We've detected that you're using an ad content blocking browser plug-in or feature. Ads provide a critical source of revenue to the continued operation of Silicon Investor.  We ask that you disable ad blocking while on Silicon Investor in the best interests of our community.  If you are not using an ad blocker but are still receiving this message, make sure your browser's tracking protection is set to the 'standard' level.
Technology Stocks : Intel Corporation (INTC)
INTC 34.50+2.6%Nov 21 9:30 AM EST

 Public ReplyPrvt ReplyMark as Last ReadFilePrevious 10Next 10PreviousNext  
To: Mary Cluney who wrote (49042)2/28/1998 5:39:00 AM
From: nihil  Read Replies (3) of 186894
 
RE: CEOs and Business Schools

You will have to be more precise about what "relatively few" of top
CEOs means before I will bet with you, but you are wrong. Every survey
shows that increasing fractions of CEOs have MBAs and that many of
them come as undergraduates from the most selective private universities -- specifically Yale and Princeton.
The process by which students are admitted to the most selective business schools today requires very high level academic achievement, essentially GPA, a high GMAT score, and several years of successful business experience. The average pay on entry to Harvard is significantly higher than the average new hire salary for graduates of MBA programs 10 more more places down the ladder. It is clear that consulting firms (e.g. McKinsey &
Arthur Andersen) and investment banks groom their prize graduates of the
Ivy league for future leadership and channel them into the select business
schools, whence they hire them back and push them into the top ranks.
This process leaves no opportunity for brilliant technical people who want to rise in management while continuing to manage or do technology.
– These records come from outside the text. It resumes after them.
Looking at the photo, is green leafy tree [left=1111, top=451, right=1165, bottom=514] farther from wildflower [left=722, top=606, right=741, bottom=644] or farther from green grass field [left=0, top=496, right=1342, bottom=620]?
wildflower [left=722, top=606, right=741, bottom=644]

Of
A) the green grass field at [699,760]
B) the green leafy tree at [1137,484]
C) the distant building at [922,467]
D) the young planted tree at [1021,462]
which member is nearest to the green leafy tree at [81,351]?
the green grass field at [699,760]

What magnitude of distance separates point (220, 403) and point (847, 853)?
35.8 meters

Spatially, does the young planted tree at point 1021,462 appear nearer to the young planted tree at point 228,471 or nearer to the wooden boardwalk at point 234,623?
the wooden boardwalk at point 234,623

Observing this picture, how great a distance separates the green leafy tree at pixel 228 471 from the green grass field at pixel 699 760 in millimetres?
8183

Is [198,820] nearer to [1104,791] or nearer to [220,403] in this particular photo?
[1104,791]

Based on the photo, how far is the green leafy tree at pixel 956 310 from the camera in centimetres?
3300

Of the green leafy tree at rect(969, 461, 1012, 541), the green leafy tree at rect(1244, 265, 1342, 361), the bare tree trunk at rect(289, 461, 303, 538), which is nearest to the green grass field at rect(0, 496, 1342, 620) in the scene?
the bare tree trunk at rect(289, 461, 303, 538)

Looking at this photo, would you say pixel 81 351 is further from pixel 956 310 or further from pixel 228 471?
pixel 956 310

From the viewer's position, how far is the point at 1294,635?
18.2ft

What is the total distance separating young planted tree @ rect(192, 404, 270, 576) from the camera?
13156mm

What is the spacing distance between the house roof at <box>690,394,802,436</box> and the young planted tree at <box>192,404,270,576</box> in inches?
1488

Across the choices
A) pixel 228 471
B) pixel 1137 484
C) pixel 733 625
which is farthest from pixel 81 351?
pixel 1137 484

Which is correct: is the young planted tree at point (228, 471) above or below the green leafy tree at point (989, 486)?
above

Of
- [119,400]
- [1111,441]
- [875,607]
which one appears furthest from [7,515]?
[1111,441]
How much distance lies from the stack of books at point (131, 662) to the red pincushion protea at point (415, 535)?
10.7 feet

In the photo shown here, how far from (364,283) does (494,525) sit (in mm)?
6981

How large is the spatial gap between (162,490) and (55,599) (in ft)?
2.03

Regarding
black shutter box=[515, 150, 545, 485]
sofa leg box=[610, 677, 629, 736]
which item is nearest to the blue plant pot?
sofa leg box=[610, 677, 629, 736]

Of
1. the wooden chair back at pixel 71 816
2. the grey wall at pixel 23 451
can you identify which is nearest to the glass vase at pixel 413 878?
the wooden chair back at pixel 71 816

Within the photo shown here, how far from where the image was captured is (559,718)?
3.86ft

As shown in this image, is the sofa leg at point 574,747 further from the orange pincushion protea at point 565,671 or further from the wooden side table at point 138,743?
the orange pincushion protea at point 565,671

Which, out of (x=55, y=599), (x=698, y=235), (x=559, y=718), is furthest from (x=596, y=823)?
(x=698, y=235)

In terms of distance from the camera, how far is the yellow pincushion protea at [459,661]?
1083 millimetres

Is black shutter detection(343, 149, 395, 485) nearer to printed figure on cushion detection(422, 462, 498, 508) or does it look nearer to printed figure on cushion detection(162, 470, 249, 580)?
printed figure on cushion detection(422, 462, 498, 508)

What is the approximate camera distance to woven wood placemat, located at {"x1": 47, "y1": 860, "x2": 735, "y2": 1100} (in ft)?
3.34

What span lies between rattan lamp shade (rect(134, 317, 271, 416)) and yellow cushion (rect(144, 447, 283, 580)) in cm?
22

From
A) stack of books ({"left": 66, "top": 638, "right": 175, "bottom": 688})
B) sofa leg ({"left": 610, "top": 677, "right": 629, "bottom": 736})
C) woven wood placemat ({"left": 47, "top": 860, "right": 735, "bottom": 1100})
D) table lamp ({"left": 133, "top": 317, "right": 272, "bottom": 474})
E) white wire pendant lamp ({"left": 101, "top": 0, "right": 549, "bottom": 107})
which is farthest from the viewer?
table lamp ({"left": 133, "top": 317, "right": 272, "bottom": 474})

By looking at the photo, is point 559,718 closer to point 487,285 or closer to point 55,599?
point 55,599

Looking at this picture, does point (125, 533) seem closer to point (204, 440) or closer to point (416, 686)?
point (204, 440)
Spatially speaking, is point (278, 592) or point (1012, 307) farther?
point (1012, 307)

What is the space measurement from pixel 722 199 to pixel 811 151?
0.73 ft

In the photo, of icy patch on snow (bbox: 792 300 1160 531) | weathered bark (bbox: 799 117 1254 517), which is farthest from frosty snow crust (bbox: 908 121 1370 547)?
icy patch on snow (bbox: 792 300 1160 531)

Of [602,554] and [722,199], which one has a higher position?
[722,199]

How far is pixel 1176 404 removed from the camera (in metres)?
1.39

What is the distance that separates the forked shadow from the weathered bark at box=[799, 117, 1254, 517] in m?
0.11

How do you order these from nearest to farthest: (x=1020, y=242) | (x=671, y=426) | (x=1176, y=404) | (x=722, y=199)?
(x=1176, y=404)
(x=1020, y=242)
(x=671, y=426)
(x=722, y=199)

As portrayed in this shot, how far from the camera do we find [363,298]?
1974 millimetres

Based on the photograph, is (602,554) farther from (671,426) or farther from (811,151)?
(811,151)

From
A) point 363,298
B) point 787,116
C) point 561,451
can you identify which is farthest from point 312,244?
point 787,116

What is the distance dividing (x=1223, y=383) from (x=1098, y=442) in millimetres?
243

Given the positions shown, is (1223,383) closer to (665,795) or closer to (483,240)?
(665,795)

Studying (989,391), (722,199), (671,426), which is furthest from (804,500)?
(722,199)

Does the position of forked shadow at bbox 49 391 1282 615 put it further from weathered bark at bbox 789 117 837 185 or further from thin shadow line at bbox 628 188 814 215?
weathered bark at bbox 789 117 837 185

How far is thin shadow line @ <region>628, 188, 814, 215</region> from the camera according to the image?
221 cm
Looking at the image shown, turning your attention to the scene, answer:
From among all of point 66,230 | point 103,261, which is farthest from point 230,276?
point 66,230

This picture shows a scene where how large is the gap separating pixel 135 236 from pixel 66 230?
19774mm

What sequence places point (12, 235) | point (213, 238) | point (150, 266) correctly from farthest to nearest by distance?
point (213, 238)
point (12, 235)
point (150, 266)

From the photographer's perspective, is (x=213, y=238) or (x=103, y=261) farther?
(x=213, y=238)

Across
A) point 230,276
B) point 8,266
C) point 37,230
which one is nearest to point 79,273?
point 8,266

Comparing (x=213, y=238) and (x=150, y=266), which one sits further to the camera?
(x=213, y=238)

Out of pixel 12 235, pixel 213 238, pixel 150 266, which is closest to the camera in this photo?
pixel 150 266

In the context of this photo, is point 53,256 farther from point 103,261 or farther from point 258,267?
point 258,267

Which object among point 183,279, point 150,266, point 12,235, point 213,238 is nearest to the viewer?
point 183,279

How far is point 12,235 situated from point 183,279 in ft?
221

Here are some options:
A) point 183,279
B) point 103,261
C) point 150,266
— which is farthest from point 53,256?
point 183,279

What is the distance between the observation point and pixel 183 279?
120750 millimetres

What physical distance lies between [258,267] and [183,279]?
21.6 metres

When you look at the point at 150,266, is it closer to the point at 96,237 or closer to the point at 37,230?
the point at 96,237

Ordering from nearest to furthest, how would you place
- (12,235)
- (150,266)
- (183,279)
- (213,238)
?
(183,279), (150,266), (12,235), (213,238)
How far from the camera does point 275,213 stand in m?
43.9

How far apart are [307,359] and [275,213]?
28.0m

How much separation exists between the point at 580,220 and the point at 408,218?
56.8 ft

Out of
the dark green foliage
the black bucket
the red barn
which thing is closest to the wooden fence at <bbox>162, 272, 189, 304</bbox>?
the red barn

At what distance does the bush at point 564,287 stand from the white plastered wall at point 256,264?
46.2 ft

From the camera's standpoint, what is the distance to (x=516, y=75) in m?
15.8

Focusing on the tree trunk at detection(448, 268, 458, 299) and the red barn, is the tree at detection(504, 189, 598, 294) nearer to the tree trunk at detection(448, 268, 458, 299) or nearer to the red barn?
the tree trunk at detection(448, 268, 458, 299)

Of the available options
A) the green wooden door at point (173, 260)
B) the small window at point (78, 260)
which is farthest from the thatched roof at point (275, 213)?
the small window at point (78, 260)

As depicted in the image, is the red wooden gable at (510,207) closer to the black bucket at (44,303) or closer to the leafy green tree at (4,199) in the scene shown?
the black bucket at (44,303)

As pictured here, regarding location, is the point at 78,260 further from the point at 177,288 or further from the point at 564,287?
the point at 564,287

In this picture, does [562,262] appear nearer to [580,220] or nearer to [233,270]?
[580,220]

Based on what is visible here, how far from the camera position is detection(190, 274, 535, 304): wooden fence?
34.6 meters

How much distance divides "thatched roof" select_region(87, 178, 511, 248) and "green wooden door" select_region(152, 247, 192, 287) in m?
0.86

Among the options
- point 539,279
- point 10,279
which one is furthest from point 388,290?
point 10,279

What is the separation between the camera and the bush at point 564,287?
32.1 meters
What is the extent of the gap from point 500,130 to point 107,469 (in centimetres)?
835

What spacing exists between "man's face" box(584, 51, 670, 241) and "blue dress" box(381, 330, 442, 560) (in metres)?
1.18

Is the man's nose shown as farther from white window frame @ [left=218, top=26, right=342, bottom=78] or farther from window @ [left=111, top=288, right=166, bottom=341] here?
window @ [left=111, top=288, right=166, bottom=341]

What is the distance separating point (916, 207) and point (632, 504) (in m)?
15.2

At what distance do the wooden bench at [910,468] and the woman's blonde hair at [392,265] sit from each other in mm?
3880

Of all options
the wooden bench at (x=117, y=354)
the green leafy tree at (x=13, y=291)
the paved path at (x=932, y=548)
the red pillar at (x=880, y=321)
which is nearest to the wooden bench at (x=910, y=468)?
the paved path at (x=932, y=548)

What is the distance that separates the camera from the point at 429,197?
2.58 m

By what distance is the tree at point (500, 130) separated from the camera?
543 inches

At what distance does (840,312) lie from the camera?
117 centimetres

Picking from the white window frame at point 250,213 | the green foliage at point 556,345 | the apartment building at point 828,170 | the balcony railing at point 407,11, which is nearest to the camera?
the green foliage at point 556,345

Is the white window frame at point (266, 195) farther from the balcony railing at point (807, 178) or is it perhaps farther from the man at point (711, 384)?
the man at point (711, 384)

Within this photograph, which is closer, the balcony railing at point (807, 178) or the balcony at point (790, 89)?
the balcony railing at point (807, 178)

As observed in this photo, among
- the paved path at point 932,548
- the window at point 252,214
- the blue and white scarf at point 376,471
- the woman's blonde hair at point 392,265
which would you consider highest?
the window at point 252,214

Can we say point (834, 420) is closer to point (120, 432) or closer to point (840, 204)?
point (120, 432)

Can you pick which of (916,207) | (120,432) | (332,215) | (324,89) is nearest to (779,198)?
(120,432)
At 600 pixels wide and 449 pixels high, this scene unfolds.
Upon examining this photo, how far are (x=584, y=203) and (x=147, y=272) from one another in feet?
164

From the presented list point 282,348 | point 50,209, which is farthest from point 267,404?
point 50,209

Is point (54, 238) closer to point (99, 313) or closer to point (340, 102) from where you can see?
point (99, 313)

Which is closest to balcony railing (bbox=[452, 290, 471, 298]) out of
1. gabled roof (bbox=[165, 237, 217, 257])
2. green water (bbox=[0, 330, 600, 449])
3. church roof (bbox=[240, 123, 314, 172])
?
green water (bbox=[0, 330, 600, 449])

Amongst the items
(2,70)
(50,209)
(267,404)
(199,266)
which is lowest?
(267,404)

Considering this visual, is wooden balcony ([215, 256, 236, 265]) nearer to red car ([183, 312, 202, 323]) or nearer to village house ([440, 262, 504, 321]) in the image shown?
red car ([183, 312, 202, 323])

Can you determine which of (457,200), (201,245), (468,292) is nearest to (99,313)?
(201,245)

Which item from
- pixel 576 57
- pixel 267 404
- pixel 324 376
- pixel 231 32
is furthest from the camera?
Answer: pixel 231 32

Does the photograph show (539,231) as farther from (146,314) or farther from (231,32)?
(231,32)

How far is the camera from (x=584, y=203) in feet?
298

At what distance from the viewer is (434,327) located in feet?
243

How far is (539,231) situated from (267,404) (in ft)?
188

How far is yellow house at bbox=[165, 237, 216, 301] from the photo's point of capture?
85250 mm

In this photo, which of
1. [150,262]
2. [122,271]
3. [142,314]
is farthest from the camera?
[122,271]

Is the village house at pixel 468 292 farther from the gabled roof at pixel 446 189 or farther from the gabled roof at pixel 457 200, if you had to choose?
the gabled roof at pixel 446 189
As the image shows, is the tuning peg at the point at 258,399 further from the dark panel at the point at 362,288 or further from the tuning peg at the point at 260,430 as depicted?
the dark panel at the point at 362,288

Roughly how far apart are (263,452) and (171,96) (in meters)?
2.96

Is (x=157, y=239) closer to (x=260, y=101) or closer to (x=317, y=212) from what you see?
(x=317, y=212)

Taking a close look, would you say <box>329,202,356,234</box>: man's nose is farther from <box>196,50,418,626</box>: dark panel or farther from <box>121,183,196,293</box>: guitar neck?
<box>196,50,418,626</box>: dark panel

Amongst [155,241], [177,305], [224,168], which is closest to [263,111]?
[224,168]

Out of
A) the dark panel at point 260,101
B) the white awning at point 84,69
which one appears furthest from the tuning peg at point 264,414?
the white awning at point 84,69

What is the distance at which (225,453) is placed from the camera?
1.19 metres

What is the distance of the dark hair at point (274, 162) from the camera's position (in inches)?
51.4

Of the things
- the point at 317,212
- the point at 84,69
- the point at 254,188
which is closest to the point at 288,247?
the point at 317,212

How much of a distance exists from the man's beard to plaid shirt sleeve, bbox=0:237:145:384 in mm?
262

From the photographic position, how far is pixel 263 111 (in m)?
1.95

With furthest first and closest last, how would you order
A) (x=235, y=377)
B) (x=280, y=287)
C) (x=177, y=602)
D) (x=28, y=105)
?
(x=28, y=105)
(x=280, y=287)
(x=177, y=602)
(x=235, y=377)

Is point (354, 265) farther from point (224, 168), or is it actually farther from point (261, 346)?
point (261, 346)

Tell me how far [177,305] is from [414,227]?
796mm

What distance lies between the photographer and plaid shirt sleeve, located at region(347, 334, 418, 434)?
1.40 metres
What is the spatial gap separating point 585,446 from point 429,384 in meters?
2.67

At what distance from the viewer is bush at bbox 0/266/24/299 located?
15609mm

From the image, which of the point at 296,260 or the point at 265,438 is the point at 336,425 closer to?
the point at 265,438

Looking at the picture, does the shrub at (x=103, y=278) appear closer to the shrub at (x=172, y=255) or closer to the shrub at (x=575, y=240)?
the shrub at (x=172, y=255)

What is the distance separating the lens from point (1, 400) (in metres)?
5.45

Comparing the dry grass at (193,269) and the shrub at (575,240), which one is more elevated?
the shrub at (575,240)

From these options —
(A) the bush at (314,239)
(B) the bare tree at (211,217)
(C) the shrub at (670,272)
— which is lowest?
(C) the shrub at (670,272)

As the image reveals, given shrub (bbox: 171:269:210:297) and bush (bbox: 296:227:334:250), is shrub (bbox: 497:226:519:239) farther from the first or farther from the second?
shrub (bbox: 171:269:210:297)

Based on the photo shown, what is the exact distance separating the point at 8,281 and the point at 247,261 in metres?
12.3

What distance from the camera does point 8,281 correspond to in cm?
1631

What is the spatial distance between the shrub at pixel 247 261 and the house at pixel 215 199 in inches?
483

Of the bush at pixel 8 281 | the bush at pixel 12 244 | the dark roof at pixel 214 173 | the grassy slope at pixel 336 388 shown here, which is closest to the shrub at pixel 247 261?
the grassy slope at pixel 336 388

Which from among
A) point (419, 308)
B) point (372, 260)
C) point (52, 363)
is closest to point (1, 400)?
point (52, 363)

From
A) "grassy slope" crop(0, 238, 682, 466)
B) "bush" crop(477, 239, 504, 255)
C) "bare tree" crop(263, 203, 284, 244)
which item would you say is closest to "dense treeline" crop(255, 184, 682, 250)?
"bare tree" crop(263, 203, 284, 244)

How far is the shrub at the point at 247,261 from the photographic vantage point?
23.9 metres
Usually, on the West Coast, tech firms (like Intel) pay all costs for such comers to attend MBA programs (especially Berkeley and Stanford in the North, UCLA and USC in the South), on a part-time basis if possible (which it increasingly isn't) or in a full-time executive MBA program.
Dr. Grove, of course, is a member of the adjunct faculty of Stanford's Graduate School of Business Administration and has written , among others, two books on management (High Output Management and Only the Paranoid Survive) which I use as texts in my classes. Grad students who want to make it in hitech are
well advised to take his course in management of technology.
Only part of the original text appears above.